Charles-Louis de Chateauneuf (1816-...), après avoir échoué à l'entrée de l'École Polytechnique, profite de cette infortune pour affirmer son goût pour la littérature ( selon le sens général de l'époque ...) et aborder enfin sa ''quête'' qui passe par la connaissance du Moyen-âge...

Rompant avec les projets de sa famille, et une partie de leur soutien financier; il va avoir l'opportunité de trouver une place de secrétaire chez l'historien Augustin Thierry (1795-1856)...

Je vais vous expliquer comment cela s'est passé...

Son intérêt pour l'histoire et Walter Scott, lui a fait suivre les articles du jeune Sainte-Beuve ( 1804-1869) chargé de la critique des ouvrages historiques, dans '' Le Globe''... C'est ainsi que Charles-Louis va devenir aussi un admirateur de Victor-Hugo (1802-1885)..

Sainte-Beuve, dans la revue, décrit un un groupe de personnes, qui depuis le salon de l'Arsenal, constitue ce que l'on va appeler '' le Cénacle '' et qui autour de Victor-Hugo constitue l'Ecole romantique ...

Ces ''enfants du siècle '' ( Musset) - qui n'ont connu ni la Révolution, ni l'Empire - exprime un goût vers le lointain passé. Pour la plupart, leurs positions sont aristocratiques, et ils s'affichent en tant que royalistes... Je pense au '' Génie du Christianisme '' et Fr.-R de Chateaubriand : en 1814, Chateaubriand entra en politique en publiant, le 5 avril 1814, un pamphlet daté du 30 mars, intitulé De Bonaparte et des Bourbons et de la nécessité de se rallier à nos princes légitimes pour le bonheur de la France et celui de

l'Europe.).

Puis, Victor Hugo ce " véritable poète du parti ultra " (Stendhal) qui a publié une ode au sacre de Charles X; affirme an 1830 : " le romantisme, tant de fois mal défini, n'est, à tout prendre, et c'est là sa définition réelle, que le libéralisme en littérature ".

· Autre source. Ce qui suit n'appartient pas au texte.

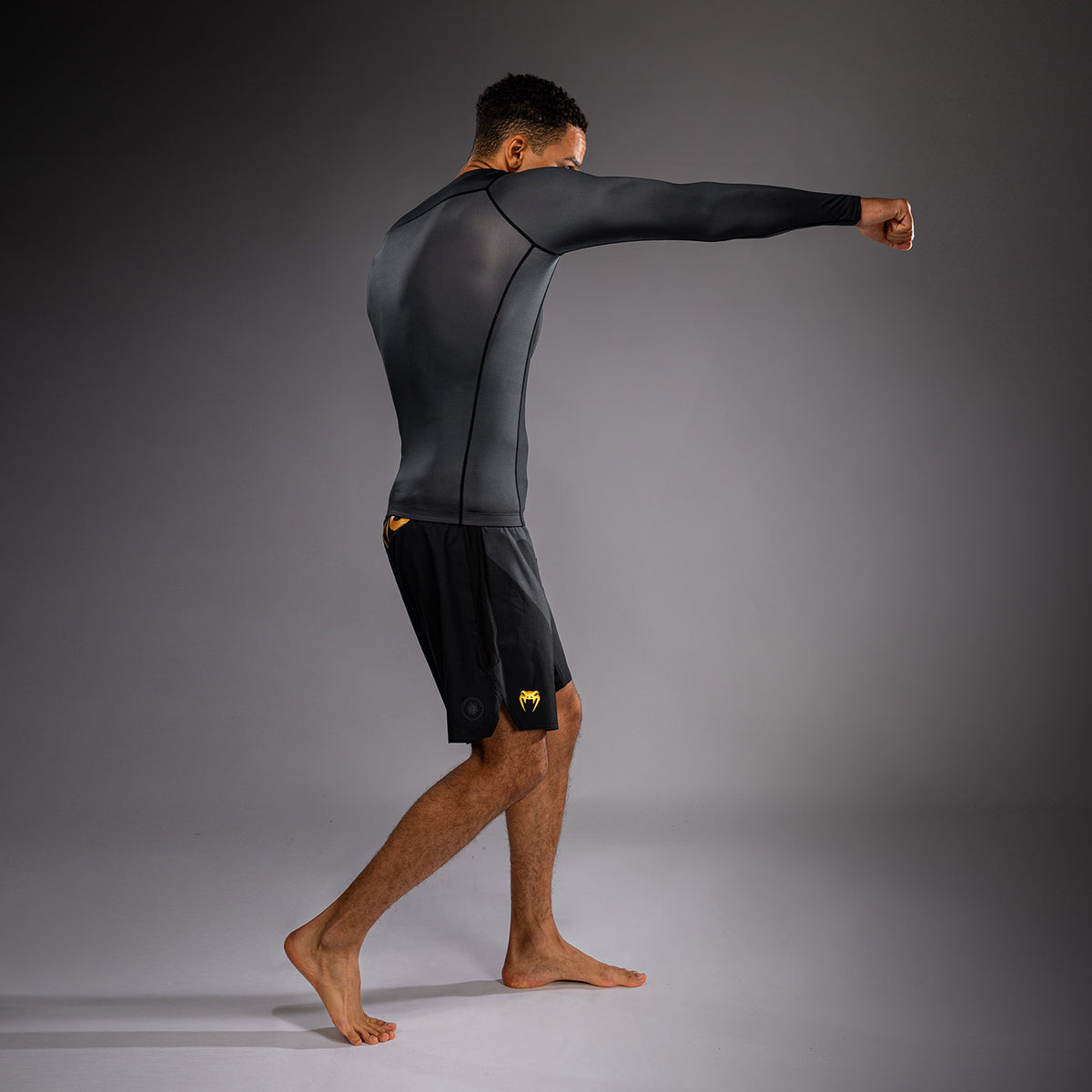 Venum Attack Rashguard a maniche lunghe - Nero/Oro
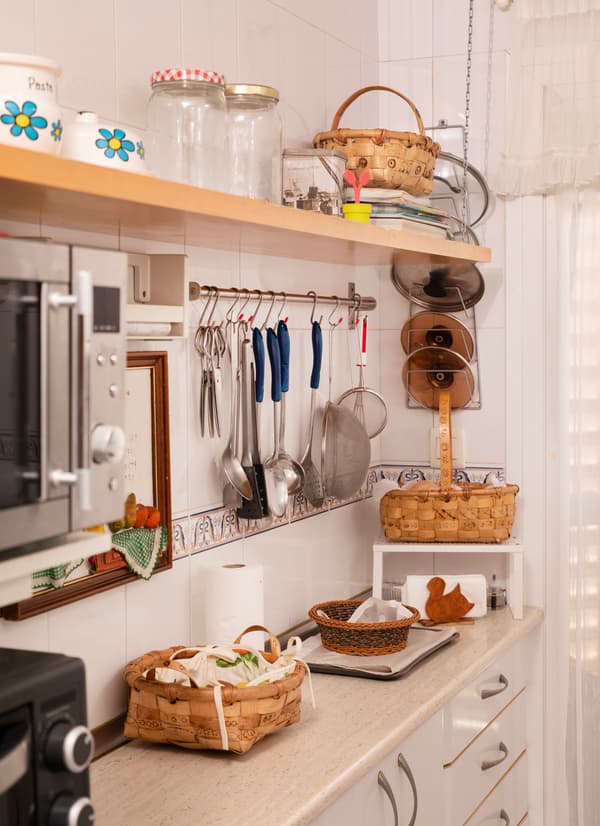 Cajón antes de ser reformado con cacerolas y escurre pasta.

Comment en est-on arrivé là ? Ce fut une véritable guerre : les romantiques étaient royalistes, et les classiques libéraux ; ceux qui prêchaient la liberté dans l'art étaient absolutistes en politique, et par contre les libéraux ne voulaient pas souffrir la moindre émancipation dans le domaine littéraire.

Ainsi, la poésie est devenue royaliste et catholique en même temps que romantique.

Le théâtre, va devenir le lieu de l'unité entre les deux courants, contre les ''ultra''.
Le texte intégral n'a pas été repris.